Truck drivers may lie on their logbooks to drive past their hours of service regulations or break other FMCSA rules. They do this to meet deadlines, receive fast delivery bonuses, and get home to their families faster. Unfortunately, broken rules greatly increase the risk of accidents. There is a reason the FMCSA requires daily activity logging – to prevent truckers from breaking the rules. Entries should be current, accurate, and truthful, not falsified for the trucker’s personal gain.
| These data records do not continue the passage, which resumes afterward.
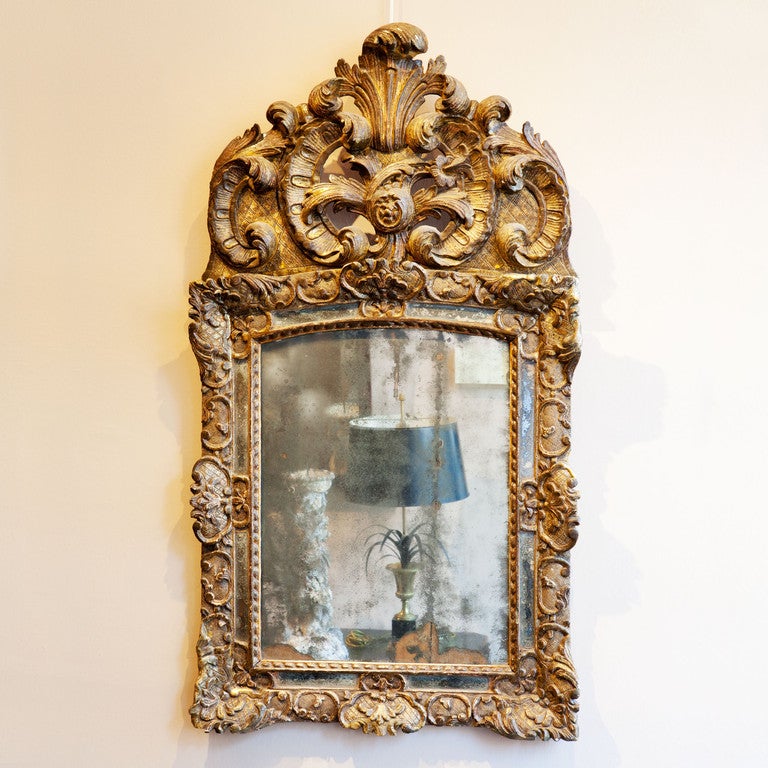 A early 18th century transitional regence / rococo mirror with a original plate, inset borders and silvered frame with cross hatching and foliate scrolls.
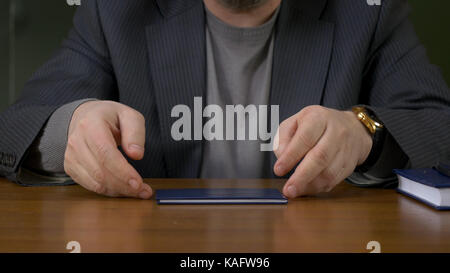 Teacher sits at the table with the record book Stock Photo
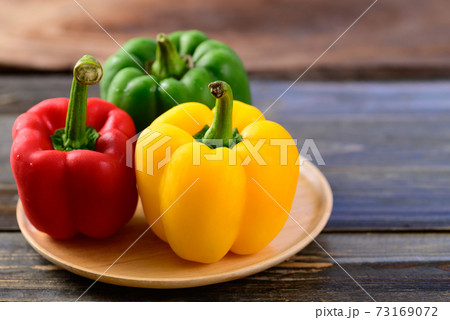 Fresh yellow, red and green bell peppers on wooden background, Organic vegetables Fresh yellow, red and green bell peppers on wooden background, Organic vegetables 73169072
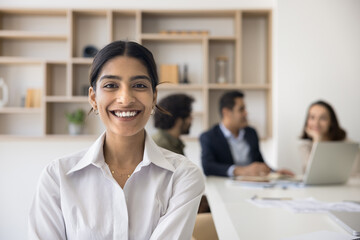 Happy young beautiful Indian businesswoman office portrait. Positive pretty business professional girl looking at camera, posing in co-working meeting room with colleagues talking behind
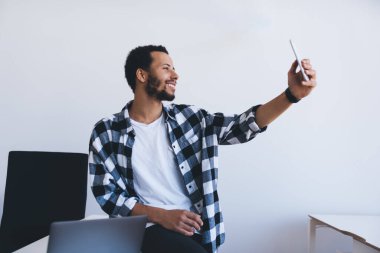 Akıllı telefon cihazıyla selfie çekerken gülümseyen neşeli genç adam, mutlu hipster blogcu cep telefonuyla 4G kablosuz interneti bağlayan arkadaşça görüntülü sohbetin keyfini çıkarıyor.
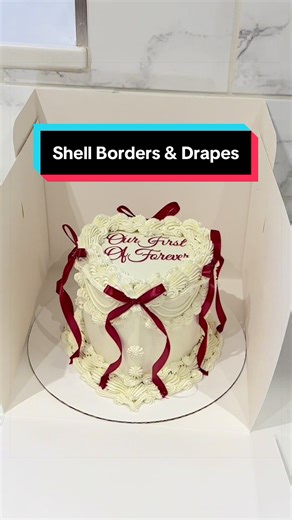 Decorating a 4” heart red velvet bento ❤️ Filled with cream cheese frosting, finished with top & bottom shell borders, reverse shells, intricate side drapes and double drop lines 🤍 Completed with pearl lustre dust, white pearl sprinkles and red bows, vintage perfection ❤️ #RedVelvetCake #HeartBento #VintageCake #CakeTok #HalalCakesCoventry
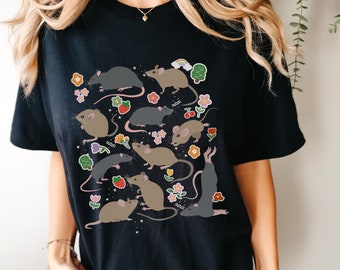 Könnte beinhalten: Schwarzes T-Shirt mit einem grafischen Druck von mehreren Comic-Mäusen und Blumen. Die Mäuse sind in verschiedenen Posen und Farben dargestellt, darunter grau, braun und weiß.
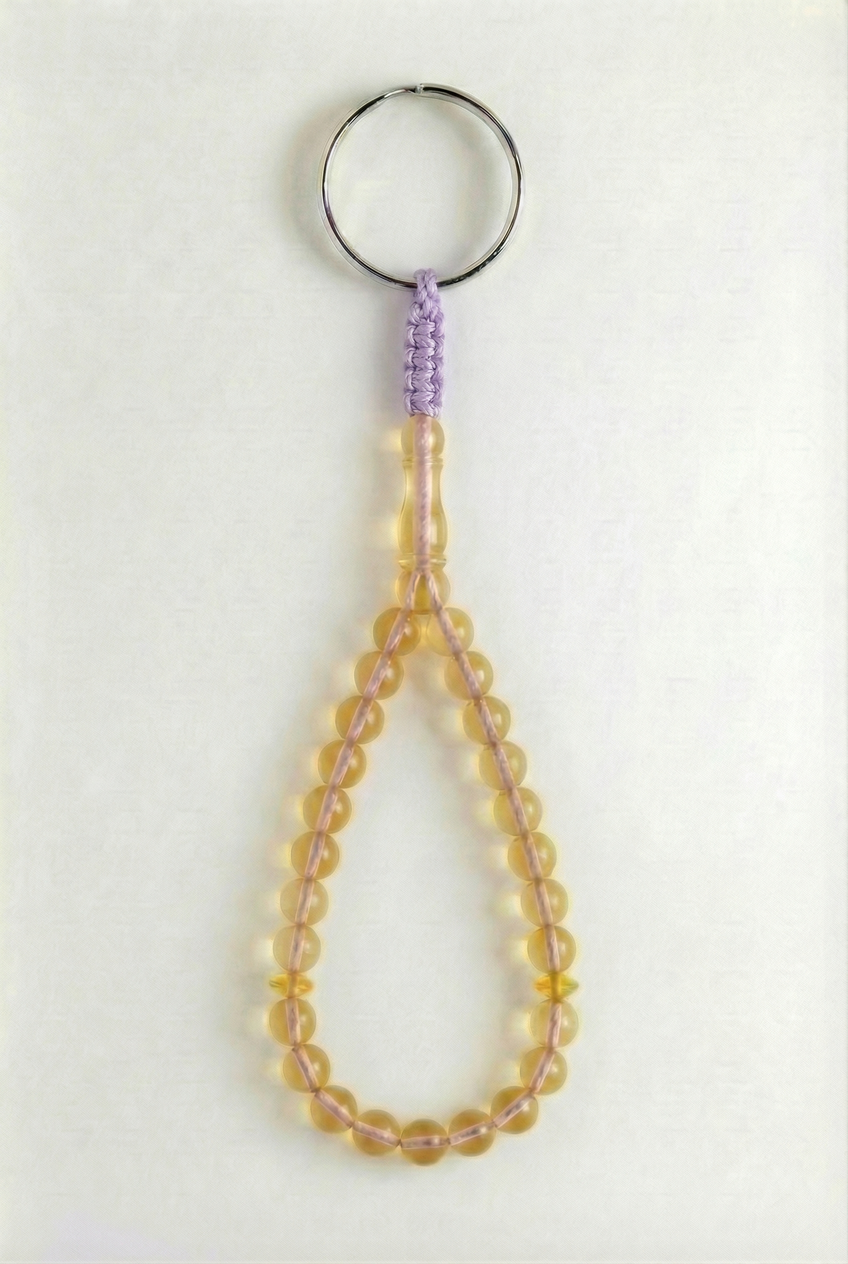 سلسلة مفاتيح من العنبر - سيقنتشر + شاهد وفواصل (25 خرزة)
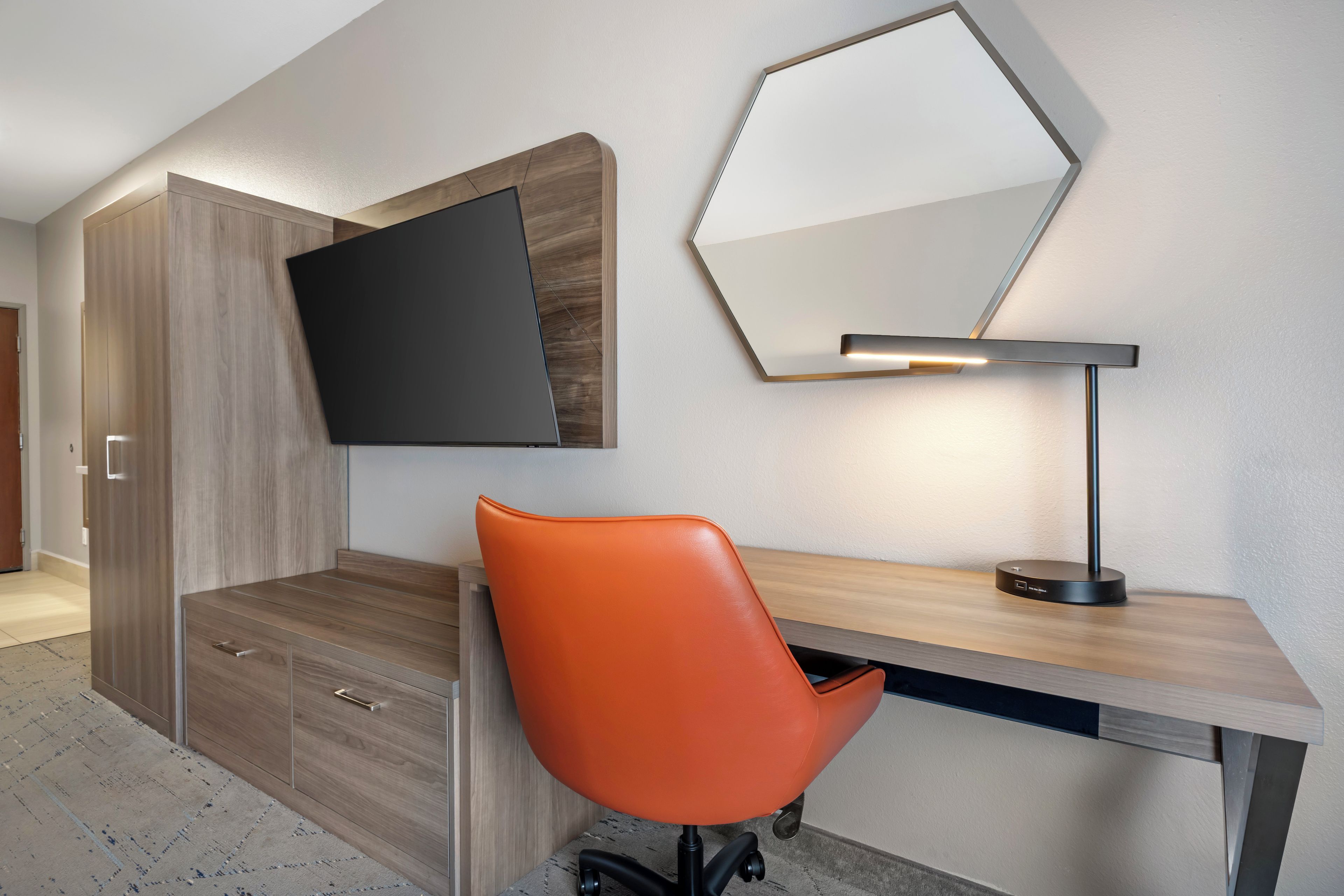 Un espace de bureau moderne comprenant un bureau, une chaise de bureau orange, un téléviseur fixé au mur et une lampe de bureau.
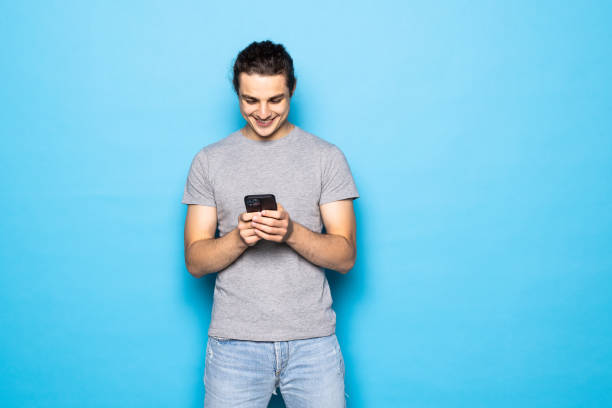 istock Excited young man posing isolated over blue wall background using mobile phone chatting. 1336100101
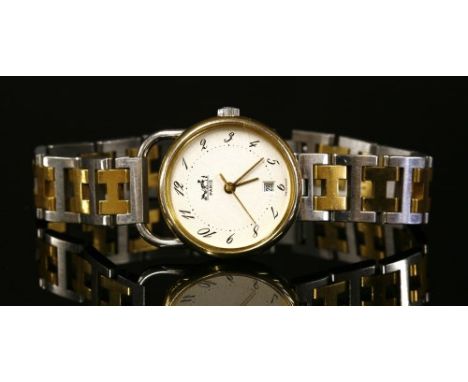 A ladies' bicolour Hermès quartz 'Arceau' bracelet watch, c.1990, with a circular case 25mm diameter. Textured champagne dial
Logbooks and Personal Injury Claims

Daily logbooks can serve as hard evidence of a truck driver’s negligence in truck-related personal injury claims. Acquiring a driver’s logbook or ELD records is an important step in the investigation phase of any truck accident. This document can show proof of a driver breaking the FMCSA’s rules by disobeying hours of service or other regulations. If a driver falsified the books, a thorough investigative team may be able to catch the driver cheating – also proving negligence. If a truck driver caused a serious accident or wrongful death, a truck accident attorney in San Antonio can most likely discover whether he or she cheated on the logbooks. This may take comparing the book with shipping documents and black-box data from the truck itself. Unexpected inspections and electronic logs can also uncover truckers cheating the system. Seek help from a Texas truck accident lawyer after an accident in which you suspect a trucker broke an FMCSA safety rule. Analyzing the logbooks and checking for cheating may be necessary to prove your case.